Crime e Justiça

Apreensão de minérios extraídos ilegalmente lança luz sobre ligações entre dissidentes das FARC e China

Coltan extraído ilegalmente flui para mercados internacionais por meio de cadeias de suprimentos obscuras, o que o torna quase impossível de rastrear. Muitas remessas acabam chegando à China, uma grande processadora global do minério.

Soldado venezuelano segura uma pepita de coltan em Cedeno, Venezuela. [Juan Barreto/AFP]
Soldado venezuelano segura uma pepita de coltan em Cedeno, Venezuela. [Juan Barreto/AFP]

Por Giselle Alzate |

BOGOTÁ – A recente apreensão de 49 toneladas de coltan em Villavicencio, na Colômbia, expõe um comércio ilegal multimilionário que prospera há décadas nas regiões da Amazônia e do Orinoco e tem ligações com empresas chinesas.

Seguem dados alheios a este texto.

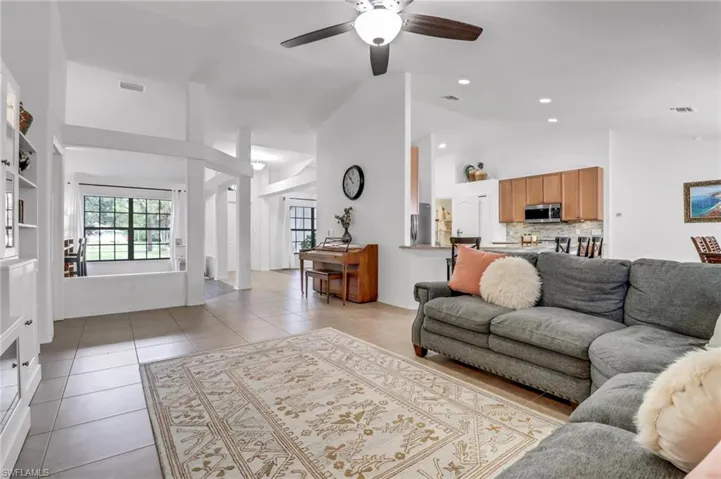 Tiled living room featuring high vaulted ceiling and ceiling fan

As autoridades colombianas anunciaram, em 2 de abril, que interceptaram a remessa em Villavicencio, revelando que ela era originária de operações ilegais de mineração em Guainía e Vichada — dois departamentos remotos de selva com enorme diversidade que fazem fronteira com a Venezuela.

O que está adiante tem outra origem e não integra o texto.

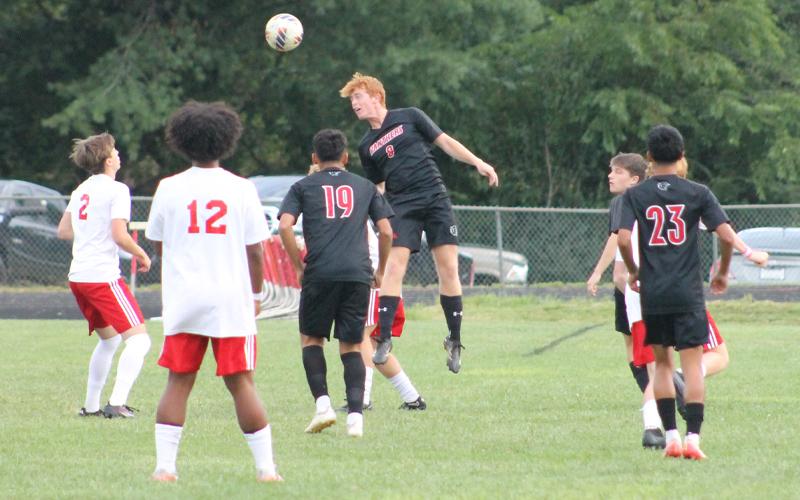 Press photo/Will Woolever.  Junior center back Malik Walker heads a ball away from danger versus Hendersonville at Macon Middle School Aug. 27.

A apreensão resultou em "seis capturados e um golpe contundente nas finanças criminosas que destroem os recursos naturais", afirmou o Ministério da Defesa.

O coltan, uma mistura de dois minerais, columbita e tantalita, é um componente essencial na tecnologia moderna.

Polícia colombiana intercepta em Villavicencio um carregamento de coltan extraído ilegalmente nas regiões de Guainía e Vichada. O minério tinha como destino a exportação para a China. [Ministério da Defesa da Colômbia]
Polícia colombiana intercepta em Villavicencio um carregamento de coltan extraído ilegalmente nas regiões de Guainía e Vichada. O minério tinha como destino a exportação para a China. [Ministério da Defesa da Colômbia]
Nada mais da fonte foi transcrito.